The idea that “if your muscles aren’t sore, they aren’t growing” is a common misconception in the world of fitness. While muscle soreness, also known as delayed onset muscle soreness (DOMS), can be a sign of muscle damage and repair, it’s not the sole indicator of muscle growth.
Muscle growth, or hypertrophy, occurs when you subject your muscles to progressive overload, which means challenging them with resistance that exceeds what they’re accustomed to. This can be achieved through weightlifting, bodyweight exercises, or resistance training. When you overload your muscles, they adapt and grow stronger.
Soreness can be a byproduct of this process, especially when you introduce new exercises or significantly increase the intensity of your workouts.
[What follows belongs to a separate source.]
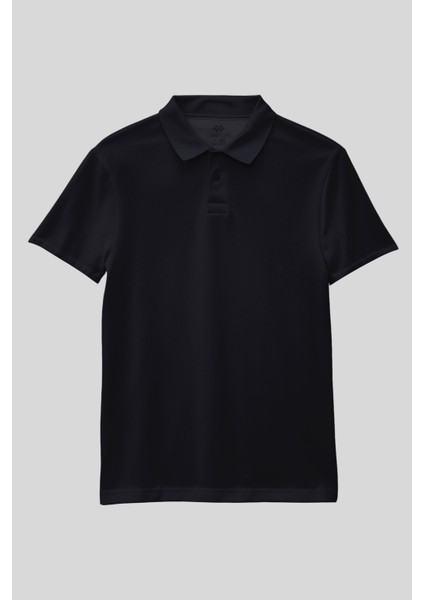 Lacivert Polo Yaka Standart Fit Basic Unisex T-Shirt - 11330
However, the absence of soreness doesn’t necessarily mean your muscles aren’t growing. Several factors can influence muscle soreness, including individual differences in pain perception and adaptation to exercise.
The key to muscle growth is consistency in your training program, proper nutrition, and allowing your muscles to recover and adapt. Over time, as your muscles adapt to your workouts, you may experience less soreness even though you are still making progress. So, while soreness can be an indicator of a challenging workout, it’s not the sole measure of muscle growth. Listen to your body, focus on progressive overload, and maintain a balanced fitness routine for the best results.